Data items
- - - -

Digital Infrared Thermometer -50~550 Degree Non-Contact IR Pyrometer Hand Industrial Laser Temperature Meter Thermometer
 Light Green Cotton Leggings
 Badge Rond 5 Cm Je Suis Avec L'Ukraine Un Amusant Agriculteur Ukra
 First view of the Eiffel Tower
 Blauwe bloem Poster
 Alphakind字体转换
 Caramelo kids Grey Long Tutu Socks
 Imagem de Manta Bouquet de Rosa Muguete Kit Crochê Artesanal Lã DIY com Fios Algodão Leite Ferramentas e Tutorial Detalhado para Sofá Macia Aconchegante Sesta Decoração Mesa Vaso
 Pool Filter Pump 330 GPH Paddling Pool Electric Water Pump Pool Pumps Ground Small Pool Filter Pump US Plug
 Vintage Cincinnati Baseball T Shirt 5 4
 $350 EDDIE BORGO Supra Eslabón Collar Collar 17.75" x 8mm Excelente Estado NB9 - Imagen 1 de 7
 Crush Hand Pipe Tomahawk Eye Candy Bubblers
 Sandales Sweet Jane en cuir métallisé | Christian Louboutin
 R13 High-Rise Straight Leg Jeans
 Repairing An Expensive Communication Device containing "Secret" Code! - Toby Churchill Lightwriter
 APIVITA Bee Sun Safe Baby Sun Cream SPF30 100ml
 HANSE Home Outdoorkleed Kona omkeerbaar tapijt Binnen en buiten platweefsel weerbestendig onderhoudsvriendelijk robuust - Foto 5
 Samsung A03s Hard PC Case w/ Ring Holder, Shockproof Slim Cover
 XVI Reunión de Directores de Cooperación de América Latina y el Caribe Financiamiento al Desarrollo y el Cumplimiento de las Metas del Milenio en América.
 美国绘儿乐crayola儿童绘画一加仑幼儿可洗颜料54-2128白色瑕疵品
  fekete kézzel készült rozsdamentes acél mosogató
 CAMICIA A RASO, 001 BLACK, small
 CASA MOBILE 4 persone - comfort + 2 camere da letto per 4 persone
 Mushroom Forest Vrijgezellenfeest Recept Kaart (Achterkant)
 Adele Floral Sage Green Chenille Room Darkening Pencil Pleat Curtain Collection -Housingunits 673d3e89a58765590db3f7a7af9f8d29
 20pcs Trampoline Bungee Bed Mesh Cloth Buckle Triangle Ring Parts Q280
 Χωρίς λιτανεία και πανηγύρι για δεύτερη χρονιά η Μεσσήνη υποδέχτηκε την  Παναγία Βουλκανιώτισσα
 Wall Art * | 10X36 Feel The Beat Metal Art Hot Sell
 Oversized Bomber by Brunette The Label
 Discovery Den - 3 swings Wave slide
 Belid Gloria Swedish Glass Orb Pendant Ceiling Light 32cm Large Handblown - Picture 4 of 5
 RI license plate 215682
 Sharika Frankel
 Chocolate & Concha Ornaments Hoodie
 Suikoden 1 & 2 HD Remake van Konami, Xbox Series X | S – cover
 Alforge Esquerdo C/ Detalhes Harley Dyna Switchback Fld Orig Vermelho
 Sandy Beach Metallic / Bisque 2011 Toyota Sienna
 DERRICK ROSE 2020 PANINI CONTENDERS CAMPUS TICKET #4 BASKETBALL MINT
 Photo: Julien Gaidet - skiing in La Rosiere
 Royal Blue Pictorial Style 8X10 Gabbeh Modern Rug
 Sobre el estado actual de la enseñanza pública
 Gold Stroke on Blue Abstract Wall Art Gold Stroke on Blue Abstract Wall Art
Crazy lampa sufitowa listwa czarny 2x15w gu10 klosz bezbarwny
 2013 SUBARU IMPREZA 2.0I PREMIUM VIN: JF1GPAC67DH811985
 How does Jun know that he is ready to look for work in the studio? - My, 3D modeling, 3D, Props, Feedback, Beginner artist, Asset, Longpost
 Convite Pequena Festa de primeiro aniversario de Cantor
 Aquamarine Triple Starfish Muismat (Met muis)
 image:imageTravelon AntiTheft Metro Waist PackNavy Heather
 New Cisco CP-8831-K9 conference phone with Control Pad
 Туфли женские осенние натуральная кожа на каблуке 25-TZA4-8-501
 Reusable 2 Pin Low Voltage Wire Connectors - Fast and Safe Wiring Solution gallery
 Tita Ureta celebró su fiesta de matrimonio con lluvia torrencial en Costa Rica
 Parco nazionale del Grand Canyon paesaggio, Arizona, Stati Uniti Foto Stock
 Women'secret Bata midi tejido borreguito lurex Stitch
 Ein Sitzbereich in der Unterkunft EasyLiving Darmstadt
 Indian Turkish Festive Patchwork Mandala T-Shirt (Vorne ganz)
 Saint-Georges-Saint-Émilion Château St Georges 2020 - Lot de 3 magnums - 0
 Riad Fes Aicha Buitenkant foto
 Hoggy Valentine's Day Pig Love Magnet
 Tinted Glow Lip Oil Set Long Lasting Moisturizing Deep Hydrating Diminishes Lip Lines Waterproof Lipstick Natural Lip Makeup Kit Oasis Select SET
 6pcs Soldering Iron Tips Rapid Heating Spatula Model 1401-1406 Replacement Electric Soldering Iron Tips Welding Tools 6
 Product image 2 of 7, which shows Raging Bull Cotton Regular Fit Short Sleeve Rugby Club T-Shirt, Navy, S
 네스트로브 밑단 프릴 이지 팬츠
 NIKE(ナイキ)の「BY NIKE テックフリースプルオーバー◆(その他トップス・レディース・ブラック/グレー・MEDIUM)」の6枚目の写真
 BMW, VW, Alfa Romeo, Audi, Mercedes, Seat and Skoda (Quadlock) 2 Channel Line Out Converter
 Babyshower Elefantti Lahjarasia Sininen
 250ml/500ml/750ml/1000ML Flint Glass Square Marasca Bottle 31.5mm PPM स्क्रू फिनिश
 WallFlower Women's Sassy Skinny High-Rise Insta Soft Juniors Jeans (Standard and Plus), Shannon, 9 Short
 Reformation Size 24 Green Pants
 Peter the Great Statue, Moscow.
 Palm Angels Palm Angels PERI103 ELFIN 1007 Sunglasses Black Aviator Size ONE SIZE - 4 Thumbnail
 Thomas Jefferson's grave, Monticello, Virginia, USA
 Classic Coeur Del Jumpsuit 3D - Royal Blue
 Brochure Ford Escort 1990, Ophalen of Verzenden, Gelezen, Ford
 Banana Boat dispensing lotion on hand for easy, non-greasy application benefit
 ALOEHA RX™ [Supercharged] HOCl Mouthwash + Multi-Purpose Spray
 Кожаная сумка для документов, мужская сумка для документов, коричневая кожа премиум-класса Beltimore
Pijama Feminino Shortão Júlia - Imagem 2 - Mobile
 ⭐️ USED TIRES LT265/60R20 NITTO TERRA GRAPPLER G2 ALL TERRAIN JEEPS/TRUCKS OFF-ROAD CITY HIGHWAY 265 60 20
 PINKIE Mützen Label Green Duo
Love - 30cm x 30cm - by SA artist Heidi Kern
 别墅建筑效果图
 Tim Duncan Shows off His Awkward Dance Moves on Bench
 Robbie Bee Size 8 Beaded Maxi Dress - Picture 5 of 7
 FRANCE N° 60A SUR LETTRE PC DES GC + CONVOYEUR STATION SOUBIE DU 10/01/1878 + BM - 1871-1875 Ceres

- - - -

Exercise details:
All of the lines above must be returned exactly as they stand.

Answer below:
Digital Infrared Thermometer -50~550 Degree Non-Contact IR Pyrometer Hand Industrial Laser Temperature Meter Thermometer
 Light Green Cotton Leggings
 Badge Rond 5 Cm Je Suis Avec L'Ukraine Un Amusant Agriculteur Ukra
 First view of the Eiffel Tower
 Blauwe bloem Poster
 Alphakind字体转换
 Caramelo kids Grey Long Tutu Socks
 Imagem de Manta Bouquet de Rosa Muguete Kit Crochê Artesanal Lã DIY com Fios Algodão Leite Ferramentas e Tutorial Detalhado para Sofá Macia Aconchegante Sesta Decoração Mesa Vaso
 Pool Filter Pump 330 GPH Paddling Pool Electric Water Pump Pool Pumps Ground Small Pool Filter Pump US Plug
 Vintage Cincinnati Baseball T Shirt 5 4
 $350 EDDIE BORGO Supra Eslabón Collar Collar 17.75" x 8mm Excelente Estado NB9 - Imagen 1 de 7
 Crush Hand Pipe Tomahawk Eye Candy Bubblers
 Sandales Sweet Jane en cuir métallisé | Christian Louboutin
 R13 High-Rise Straight Leg Jeans
 Repairing An Expensive Communication Device containing "Secret" Code! - Toby Churchill Lightwriter
 APIVITA Bee Sun Safe Baby Sun Cream SPF30 100ml
 HANSE Home Outdoorkleed Kona omkeerbaar tapijt Binnen en buiten platweefsel weerbestendig onderhoudsvriendelijk robuust - Foto 5
 Samsung A03s Hard PC Case w/ Ring Holder, Shockproof Slim Cover
 XVI Reunión de Directores de Cooperación de América Latina y el Caribe Financiamiento al Desarrollo y el Cumplimiento de las Metas del Milenio en América.
 美国绘儿乐crayola儿童绘画一加仑幼儿可洗颜料54-2128白色瑕疵品
  fekete kézzel készült rozsdamentes acél mosogató
 CAMICIA A RASO, 001 BLACK, small
 CASA MOBILE 4 persone - comfort + 2 camere da letto per 4 persone
 Mushroom Forest Vrijgezellenfeest Recept Kaart (Achterkant)
 Adele Floral Sage Green Chenille Room Darkening Pencil Pleat Curtain Collection -Housingunits 673d3e89a58765590db3f7a7af9f8d29
 20pcs Trampoline Bungee Bed Mesh Cloth Buckle Triangle Ring Parts Q280
 Χωρίς λιτανεία και πανηγύρι για δεύτερη χρονιά η Μεσσήνη υποδέχτηκε την  Παναγία Βουλκανιώτισσα
 Wall Art * | 10X36 Feel The Beat Metal Art Hot Sell
 Oversized Bomber by Brunette The Label
 Discovery Den - 3 swings Wave slide
 Belid Gloria Swedish Glass Orb Pendant Ceiling Light 32cm Large Handblown - Picture 4 of 5
 RI license plate 215682
 Sharika Frankel
 Chocolate & Concha Ornaments Hoodie
 Suikoden 1 & 2 HD Remake van Konami, Xbox Series X | S – cover
 Alforge Esquerdo C/ Detalhes Harley Dyna Switchback Fld Orig Vermelho
 Sandy Beach Metallic / Bisque 2011 Toyota Sienna
 DERRICK ROSE 2020 PANINI CONTENDERS CAMPUS TICKET #4 BASKETBALL MINT
 Photo: Julien Gaidet - skiing in La Rosiere
 Royal Blue Pictorial Style 8X10 Gabbeh Modern Rug
 Sobre el estado actual de la enseñanza pública
 Gold Stroke on Blue Abstract Wall Art Gold Stroke on Blue Abstract Wall Art
Crazy lampa sufitowa listwa czarny 2x15w gu10 klosz bezbarwny
 2013 SUBARU IMPREZA 2.0I PREMIUM VIN: JF1GPAC67DH811985
 How does Jun know that he is ready to look for work in the studio? - My, 3D modeling, 3D, Props, Feedback, Beginner artist, Asset, Longpost
 Convite Pequena Festa de primeiro aniversario de Cantor
 Aquamarine Triple Starfish Muismat (Met muis)
 image:imageTravelon AntiTheft Metro Waist PackNavy Heather
 New Cisco CP-8831-K9 conference phone with Control Pad
 Туфли женские осенние натуральная кожа на каблуке 25-TZA4-8-501
 Reusable 2 Pin Low Voltage Wire Connectors - Fast and Safe Wiring Solution gallery
 Tita Ureta celebró su fiesta de matrimonio con lluvia torrencial en Costa Rica
 Parco nazionale del Grand Canyon paesaggio, Arizona, Stati Uniti Foto Stock
 Women'secret Bata midi tejido borreguito lurex Stitch
 Ein Sitzbereich in der Unterkunft EasyLiving Darmstadt
 Indian Turkish Festive Patchwork Mandala T-Shirt (Vorne ganz)
 Saint-Georges-Saint-Émilion Château St Georges 2020 - Lot de 3 magnums - 0
 Riad Fes Aicha Buitenkant foto
 Hoggy Valentine's Day Pig Love Magnet
 Tinted Glow Lip Oil Set Long Lasting Moisturizing Deep Hydrating Diminishes Lip Lines Waterproof Lipstick Natural Lip Makeup Kit Oasis Select SET
 6pcs Soldering Iron Tips Rapid Heating Spatula Model 1401-1406 Replacement Electric Soldering Iron Tips Welding Tools 6
 Product image 2 of 7, which shows Raging Bull Cotton Regular Fit Short Sleeve Rugby Club T-Shirt, Navy, S
 네스트로브 밑단 프릴 이지 팬츠
 NIKE(ナイキ)の「BY NIKE テックフリースプルオーバー◆(その他トップス・レディース・ブラック/グレー・MEDIUM)」の6枚目の写真
 BMW, VW, Alfa Romeo, Audi, Mercedes, Seat and Skoda (Quadlock) 2 Channel Line Out Converter
 Babyshower Elefantti Lahjarasia Sininen
 250ml/500ml/750ml/1000ML Flint Glass Square Marasca Bottle 31.5mm PPM स्क्रू फिनिश
 WallFlower Women's Sassy Skinny High-Rise Insta Soft Juniors Jeans (Standard and Plus), Shannon, 9 Short
 Reformation Size 24 Green Pants
 Peter the Great Statue, Moscow.
 Palm Angels Palm Angels PERI103 ELFIN 1007 Sunglasses Black Aviator Size ONE SIZE - 4 Thumbnail
 Thomas Jefferson's grave, Monticello, Virginia, USA
 Classic Coeur Del Jumpsuit 3D - Royal Blue
 Brochure Ford Escort 1990, Ophalen of Verzenden, Gelezen, Ford
 Banana Boat dispensing lotion on hand for easy, non-greasy application benefit
 ALOEHA RX™ [Supercharged] HOCl Mouthwash + Multi-Purpose Spray
 Кожаная сумка для документов, мужская сумка для документов, коричневая кожа премиум-класса Beltimore
Pijama Feminino Shortão Júlia - Imagem 2 - Mobile
 ⭐️ USED TIRES LT265/60R20 NITTO TERRA GRAPPLER G2 ALL TERRAIN JEEPS/TRUCKS OFF-ROAD CITY HIGHWAY 265 60 20
 PINKIE Mützen Label Green Duo
Love - 30cm x 30cm - by SA artist Heidi Kern
 别墅建筑效果图
 Tim Duncan Shows off His Awkward Dance Moves on Bench
 Robbie Bee Size 8 Beaded Maxi Dress - Picture 5 of 7
 FRANCE N° 60A SUR LETTRE PC DES GC + CONVOYEUR STATION SOUBIE DU 10/01/1878 + BM - 1871-1875 Ceres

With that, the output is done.